DHSS Secretary Rita Landgraf explains why Delaware suspended its medical marijuana program, when other states have medical marijuana laws on their books.
With Delaware's recently passed medical marijuana law on pause, Delaware Health and Social Services says it's looking into "potential alternatives."
Signed into law last year, Gov. Jack Markell, D-Del, suspended the regulatory writing and licensing process for what would have been the state's three medical marijuana dispensaries--one in each county.
DHSS, the state agency in charge of the medical marijuana program, said the move came after the federal government changed its stance on medical marijuana. Under the new policy, state employees were no longer immune from prosecution or criminal charges.
Now, DHSS Secretary Rita Landgraf and the bill's primary sponsor, state Sen. Margaret Rose Henry, D-Wilmington East, are working closely together, trying to figure out how to move forward. Landgraf says the pair met last week, and she plans to meet with Sen. Henry and SB 17's other sponsors in the coming weeks to keep the discussion going about moving forward with licensing and regulation as the state works through this hiccup.

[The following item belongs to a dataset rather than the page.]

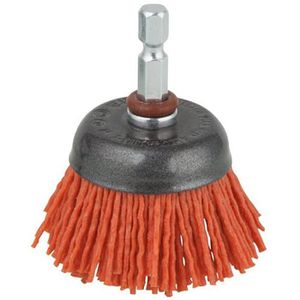 Drahtbürste Wolfcraft 1505000, gewellt, Topfbürste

"What [Sen. Henry] wants to investigate is to remove the threat of criminal prosecution of state workers through a federal law that provides immunity to any duly authorized officer of a state or local government who is lawfully engaged in the enforcement of any law ordinance relating to controlled substances... Now that law typically would apply to law enforcement officers that take control of, or take possession of, controlled substance during an investigation, so she’s going to see if there’s something within that law that can be utilized that will allow us to proceed forward without any prosecution," said Secretary Landgraf.
"The other thing that she and I also discussed is that the federal government does allow for research purposes medical marijuana... Could we expand that federal law to allow dispensaries and individuals with extreme illnesses to still have access?"
Before the fed drama, the governor's recommended FY 2013 budget allocated four full-time employees and $480,000 to get the medical marijuana program going.
Meantime, according to the original timeline, regulations are supposed to be drafted and put out for public comment by April 1, 2012.
DHSS Secretary Rita Landgraf says Gov. Jack Markell had no choice but to suspend the regulatory and licensing process.
The move came after the federal government changed its stance on medical marijuana. According to Landgraf, state lawmakers based Delaware's medical marijuana law on the U.S. Dept. of Justice's October 2009 medical marijuana policy.
"Even though it didn’t permit states to actually cultivate or distribute medical marijuana, it kind of left it in the states’ hands in a way that was non-threatening that states would be prosecuted," said DHSS Secretary Rita Landgraf. "Then... we heard that the guidance was shifting."
A shift last summer that prompted the state to ask for guidance and an opinion on the Dept. of Justice's stance from U.S. Attorney Charles Oberly. In his letter to the state, he wrote, “State employees who conduct activities mandated by the Delaware Medical Marijuana Act are not immune from liability under the Controlled Substances Act.”
Other states have medical marijuana laws on their books, but Secretary Landgraf says because Delaware's dispensaries weren't operational yet and regulations hadn't been drafted, that actually put Delaware at more risk for prosecution and criminal charges.